The exercise calls for the lines from the one containing "lô khác - 3" to the end of the data below to be output exactly, pictures excluded.
━━━━━━
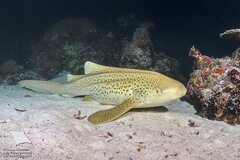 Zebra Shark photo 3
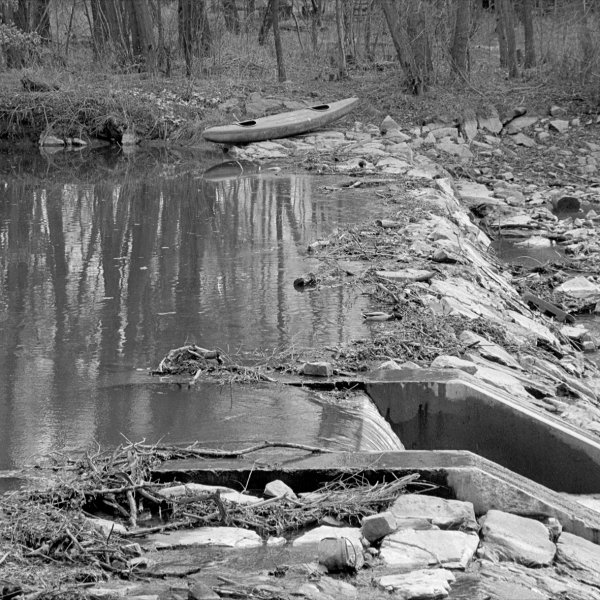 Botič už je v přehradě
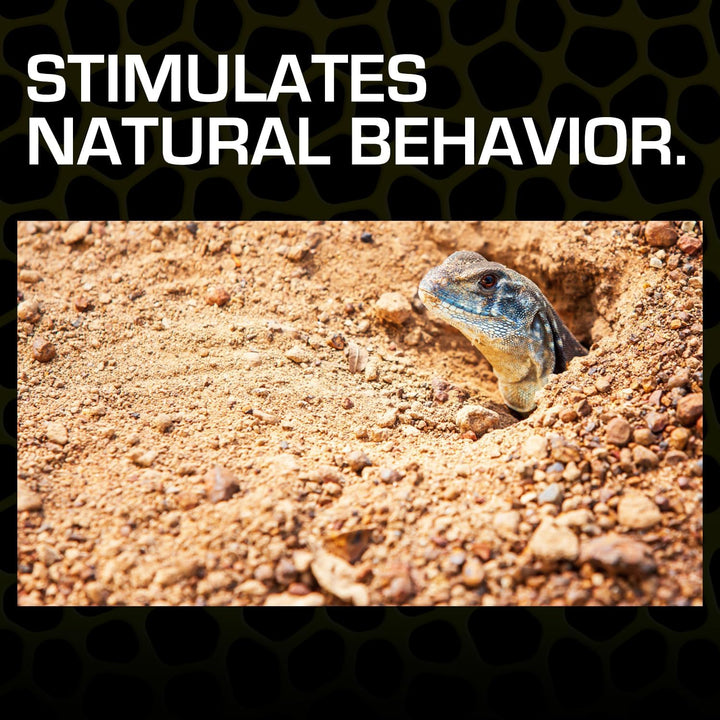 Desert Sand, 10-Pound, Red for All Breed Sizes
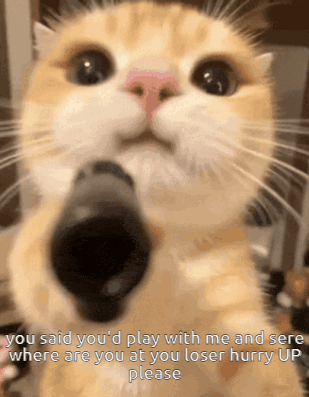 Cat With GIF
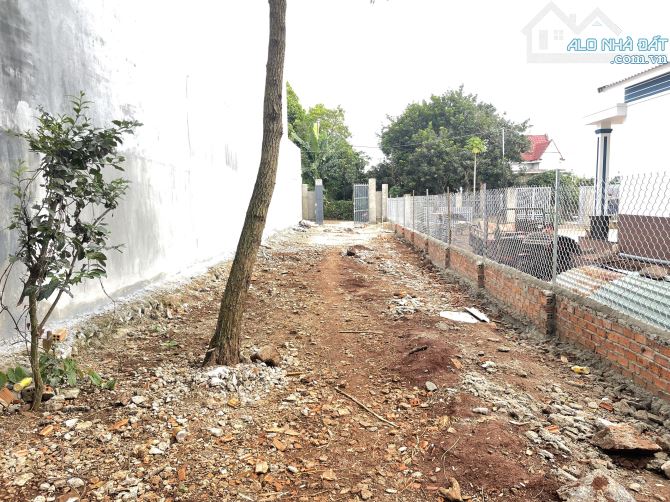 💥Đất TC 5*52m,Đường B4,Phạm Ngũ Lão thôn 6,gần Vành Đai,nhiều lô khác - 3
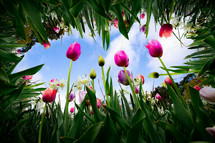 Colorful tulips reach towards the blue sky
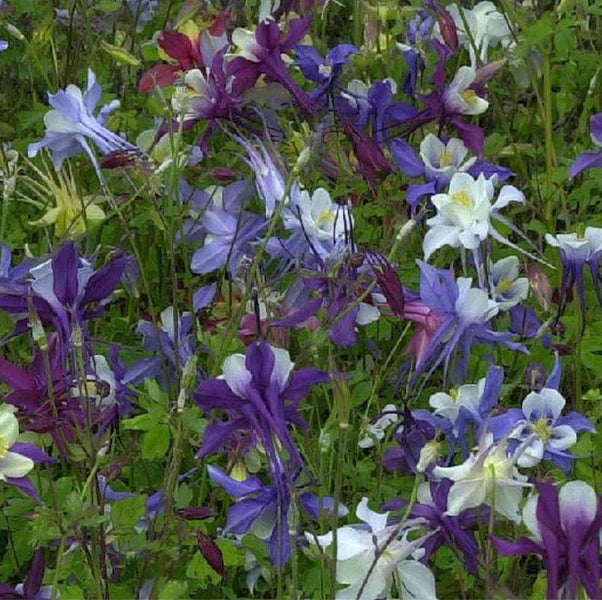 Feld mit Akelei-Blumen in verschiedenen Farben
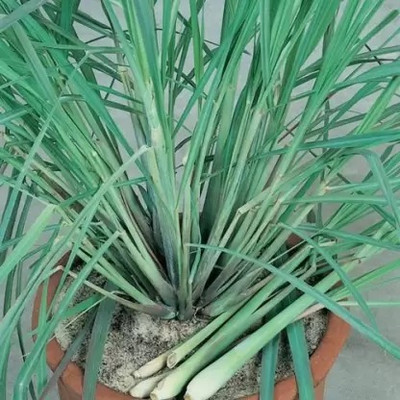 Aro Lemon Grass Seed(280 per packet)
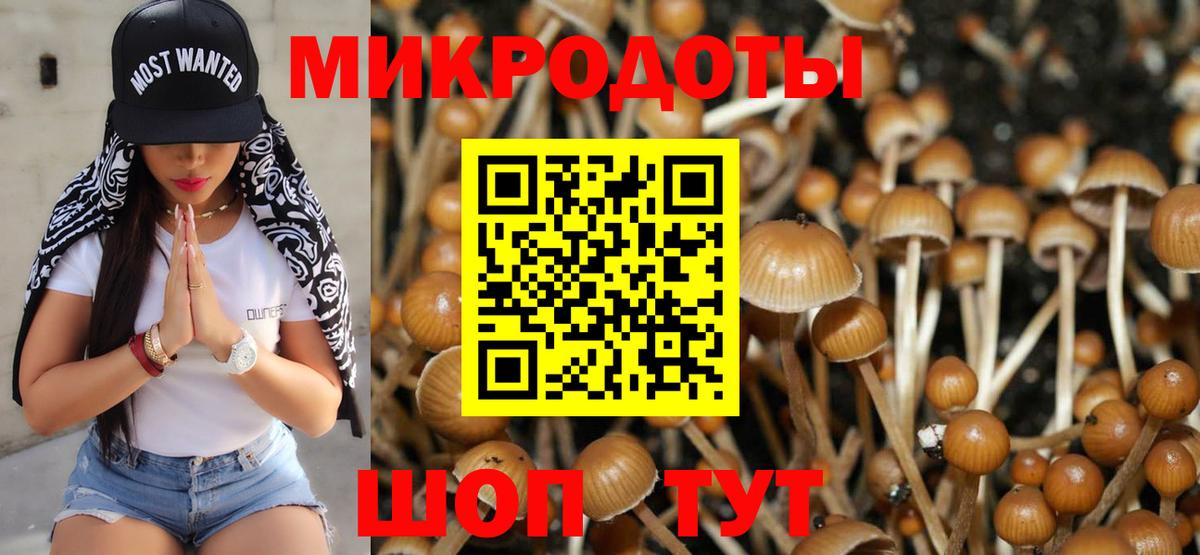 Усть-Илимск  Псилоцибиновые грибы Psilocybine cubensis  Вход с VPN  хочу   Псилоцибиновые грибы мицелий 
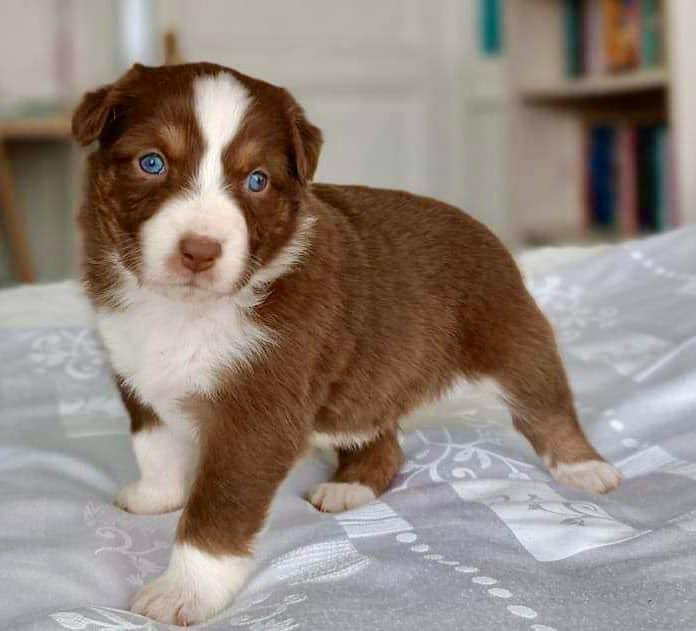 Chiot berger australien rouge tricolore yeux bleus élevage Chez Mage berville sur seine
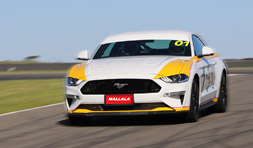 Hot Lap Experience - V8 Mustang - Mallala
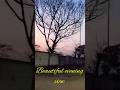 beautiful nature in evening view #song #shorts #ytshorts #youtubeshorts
━━━━━━
= Reply to the exercise =
 💥Đất TC 5*52m,Đường B4,Phạm Ngũ Lão thôn 6,gần Vành Đai,nhiều lô khác - 3
 Colorful tulips reach towards the blue sky
 Feld mit Akelei-Blumen in verschiedenen Farben
 Aro Lemon Grass Seed(280 per packet)
 Усть-Илимск  Псилоцибиновые грибы Psilocybine cubensis  Вход с VPN  хочу   Псилоцибиновые грибы мицелий 
 Chiot berger australien rouge tricolore yeux bleus élevage Chez Mage berville sur seine
 Hot Lap Experience - V8 Mustang - Mallala
 beautiful nature in evening view #song #shorts #ytshorts #youtubeshorts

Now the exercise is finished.